1

I am trying to make a regex for HTML, I am coming up with a few minor issues regarding header html blocks to be selected and title in head for some reason,

To explain it better:

<h5>Thing</h5> will all be selected but I only want <h5> and </h5> selected and it's the same with <title>Test</title> I only want the html tags selected but it selects the whole thing,

here is my regex so far:

/(<\/(\w+)>)|(<(\w+)).+?(?=>)>|(<(\w+))>/ig

  • Don't parse HTML using RegEx, you will fail. Use something like the [HTML agility pack](https://htmlagilitypack.codeplex.com/) – Liam Feb 23 '16 at 11:54
  • Rule 1: don't use RegEx to parse HTML. Rule 2: if you still want to parse HTML with RegEx, see rule 1. [RegEx can only match regular languages, and HTML is not a regular language](http://stackoverflow.com/a/590789/930393) – freefaller Feb 23 '16 at 11:56
  • 1
    I understand these replies, but this was just for a personal project and would like to try and finish this regex and as the only problem I am facing is explained above don't understand why no one else can solve this? – Javi Qualms Pdog Feb 23 '16 at 12:23

1 Answers1

2

Your problem is here: <(\w+).+?(?=>)>

This says:

  1. open an angle bracket
  2. consume as many word characters as possible (min 1)
  3. consume as few characters as possible (min 1)
  4. make sure a closing angle bracket follows
  5. consume the closing angle bracket

First of all, step 4 is superfluous; you know you will have a closing bracket next, otherwise step 5 will fail to match.

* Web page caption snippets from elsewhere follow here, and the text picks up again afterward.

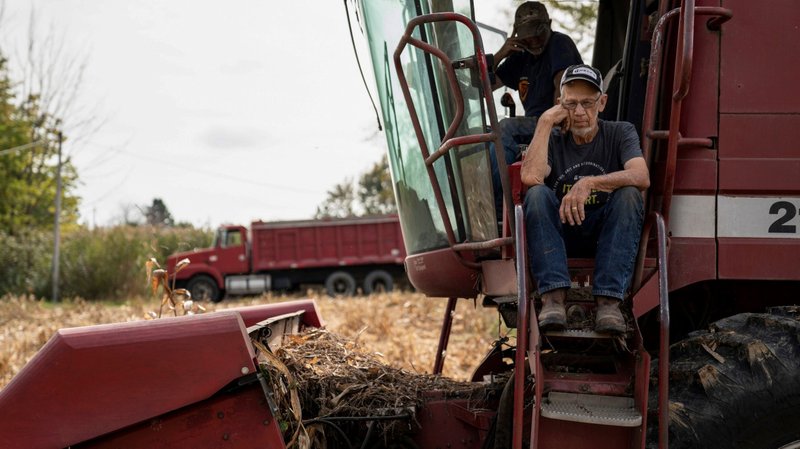 Dale Nething, 86, of Ravenna, Ohio, waits on the steps of his combine Oct. 11, 2021, as his son Don Nething, 62, troubleshoots the harvester after it breaks down. (CNS photo/Dane Rhys, Reuters)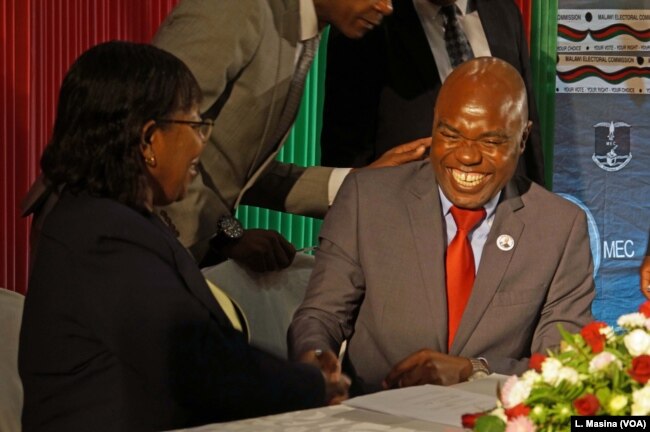 Opposition Malawi Congress Party General Secretary, Eisenhower Mkaka, cracks jokes with MEC chairperson Jane Ansah as he signed a code of conduct,Tuesday in Lilongwe.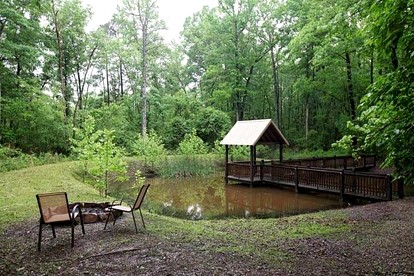 Romantic Cabin Getaway for Two with Hot Tub, Pond & Western Charm in Beavers Bend - Broken Bow, Oklahoma - glamping.directory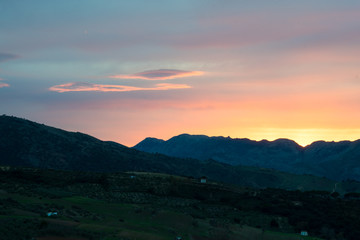 Fototapeta na wymiar Panoramic sunset view on Tajo Gorge (Tajo de Ronda) in Ronda, Spain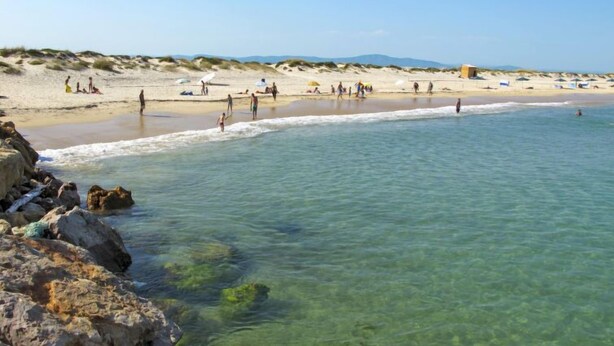 A beach with clear water, rocky shoreline, and people enjoying the beach. - Magnolia by Interhome (Olhão)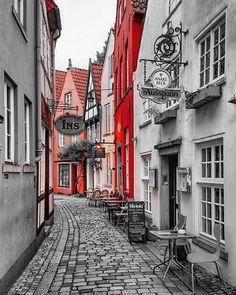 an old cobblestone street with tables and chairs on the side in front of red buildings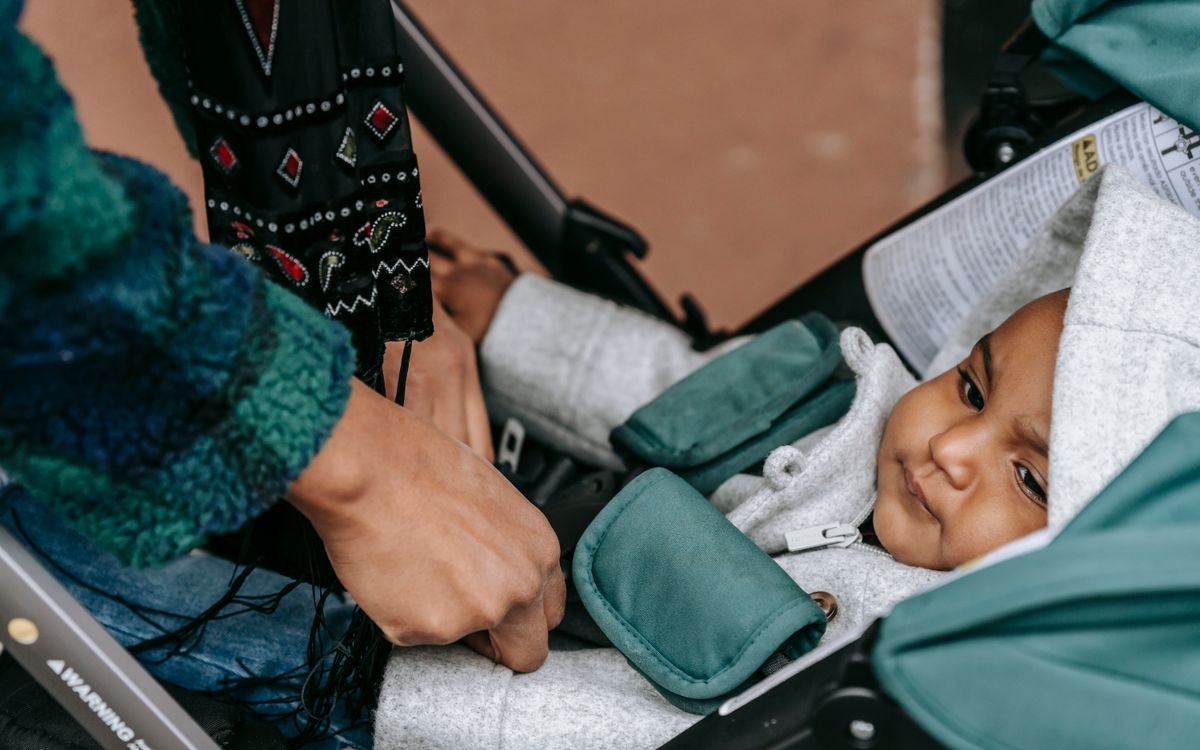 Crop anonymous ethnic mother adjusting clothes of baby lying in stroller and looking away on street in daytime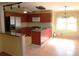 Functional kitchen with stainless steel appliances and tiled flooring at 575 Midland Park Dr, Stone Mountain, GA 30087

But the bigger problem is step 3. Let's see what happens on <h5>Thing</h5>:

  1. <
  2. h5 (because > is not a word character any more)
  3. >Thing</h5, because this is the least amount matched before a closing angle bracket (remember, matching 0 characters here is not an option)
  4. Make sure next is >
  5. >

Anyway, in the simple case, what you want can be done by /<\/?.+?>/. This will break if attributes have values that include a greater than symbol: <div title="a>b">. Avoiding this is possible, but it makes the regexp a bit more complex, kind of like this (but I may have forgotten something):

<\w+(?:\s+\w+(?:=(?:"[^"]*"|'[^']*'|[^'"][^\s>]*)?)?)*\s*>|<\/\w+>
Amadan
  • 191,408
  • 23
  • 240
  • 301